En todo caso, sus aventuras distarían de terminar, por lo menos en lo concerniente a Tred, pues éste se proponía organizar una tropa para volver sobre sus pasos y vengar la muerte de su hermano y sus compañeros.

No obstante, ahora lo principal era llegar a Mithril Hall. A pesar de las indicaciones, los enanos tuvieron dificultades para orientarse por los intrincados senderos de las montañas. Con frecuencia, el giro equivocado en alguno de los estrechos túneles que corrían entre los peñascos obligaba a volver atrás y rehacer lo andado por aquel terreno escarpado.

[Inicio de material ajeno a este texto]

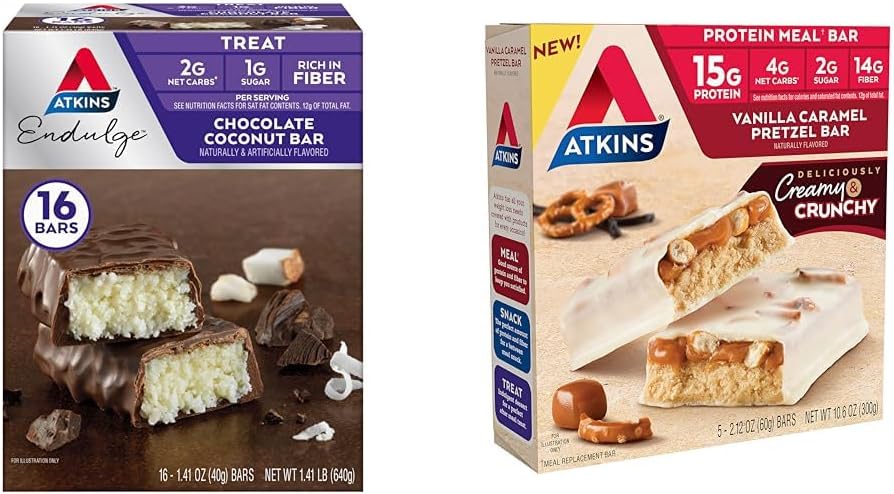Atkins Chocolate Coconut Bar 16 Conde, Vanilla Caramel Pretzel Protein Meal Bar 5 Conde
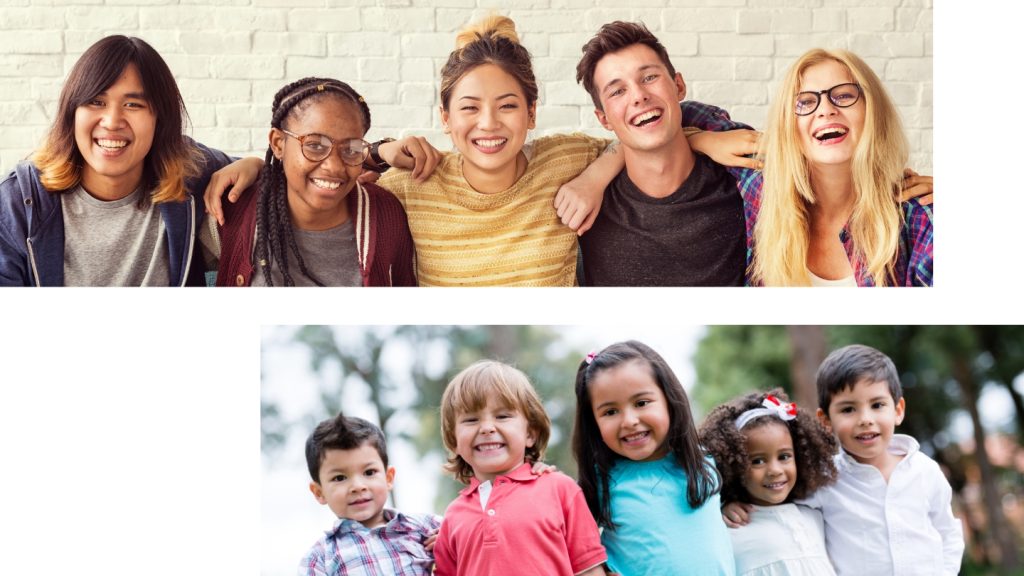 Imágenes de jóvenes en edad escolar y niños alegres poniendo sus brazos encima de los hombros del otro.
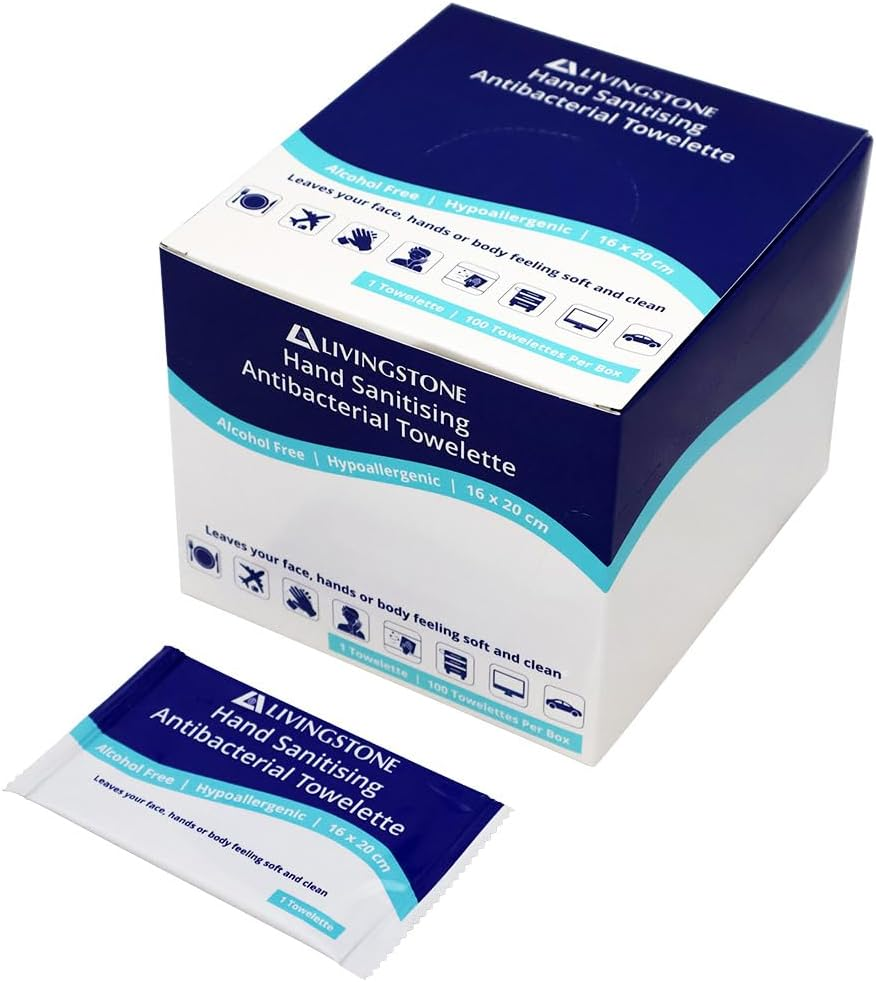 Livingstone Hand Sanitising Alcohol-Free Antibacterial Towelette Wipe 16 X 20Cm Box of 100 image number 4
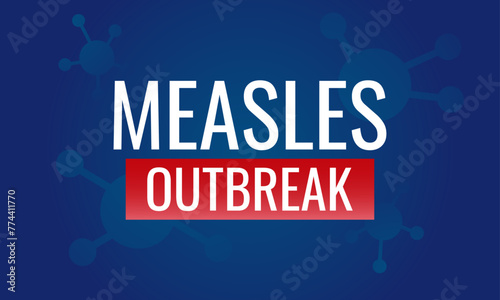 Measles outbreak. Vector typography with virus symbol and text. News headline.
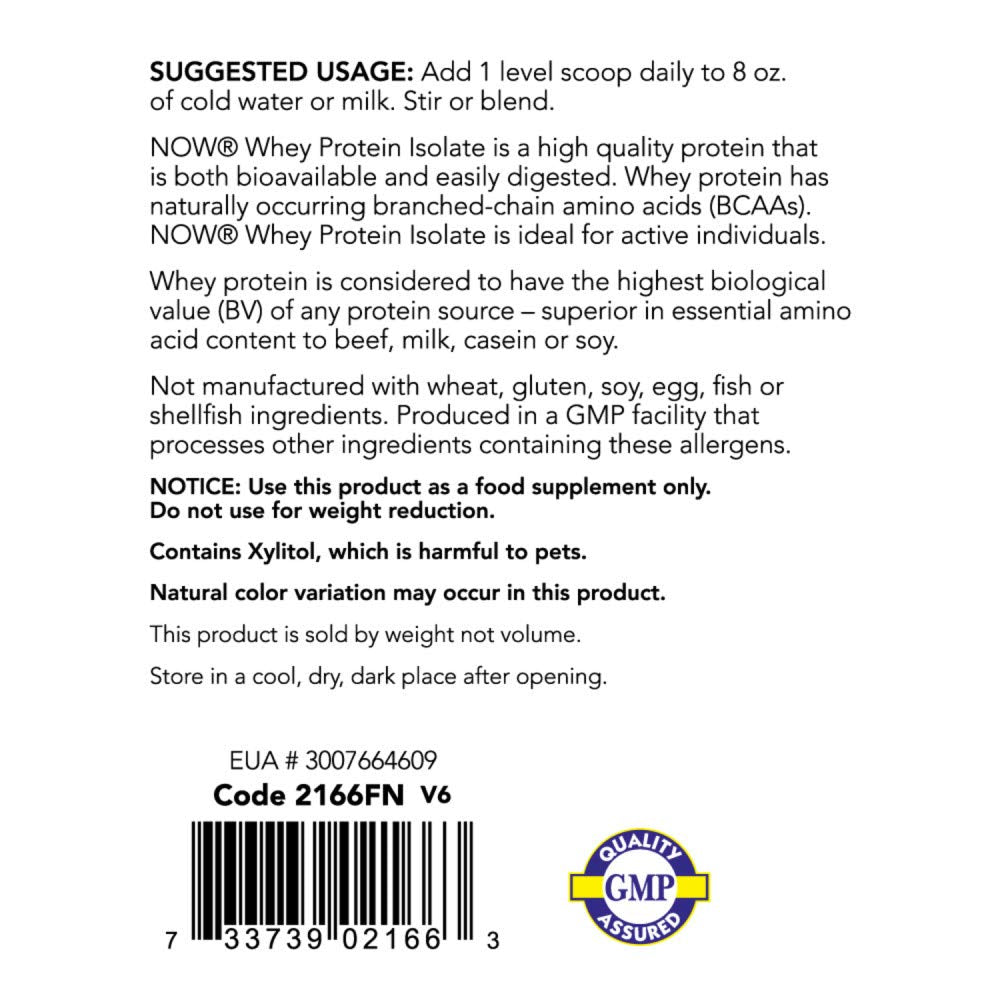 NOW Sports Nutrition, Whey Protein Isolate, 25 G With BCAAs, Creamy Chocolate Powder NOWUS supplements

—Nos hemos equivocado al seguir este maldito torrente —murmuró Tred una mañana. Los dos enanos llevaban rato avanzando a buen paso, si bien en dirección al sureste, cuando Mithril Hall se hallaba al suroeste de Clicking Heels.

—Lo más seguro es que este arroyo pronto varíe de dirección —animó Nikwillig.

—Tonterías —descartó Tred, con un gesto de rabia.

Estaban perdidos, y lo sabía, como lo sabía el propio Nikwillig, quisiera admitirlo o no. Pero no volvieron atrás. El camino que seguía el curso del río les había deparado dos descensos muy dificultosos que prometían ser sendos ascensos más complicados aún. Así las cosas, volver sobre sus pasos parecía estúpido.

Más adelante, al encontrarse con que el torrente de pronto se precipitaba en una cascada, Tred emprendió un nuevo descenso por los peñascos de la ribera sin dejar de rezongar.

—Igual sería mejor dar la vuelta… —sugirió Nikwillig.

—¡Tonterías! —replicó el testarudo Tred, cuya voz se convirtió en un grito al patinar sobre una roca particularmente resbaladiza en el momento en que dirigía a Nikwillig un gesto de desdén.

El resbalón por lo menos le sirvió para efectuar el descenso con celeridad.

Tras reemprender su marcha en silencio, los dos enanos andaban buscando un lugar donde acampar cuando llegaron a la cima de un cerro coronada de grandes peñascos. Se encontraron con que un extenso valle se extendía a sus pies, de este a oeste.

—Un paso enorme —observó Nikwillig.

—El que deben cruzar las caravanas que se dirigen a Mithril Hall —razonó Tred—. ¡Hacia el oeste, claro está!

De pie junto a su compañero, Nikwillig asintió con un gesto, tan contento como el propio Tred, convencidos como estaban de que al día siguiente la marcha iba a ser mucho más fácil.

Como es natural, no sabían que se hallaban en el extremo septentrional del Paso Rocoso, antaño escenario de una gigantesca batalla y hoy habitado por los espectros de los caídos, unos fantasmas tan reales como peligrosos.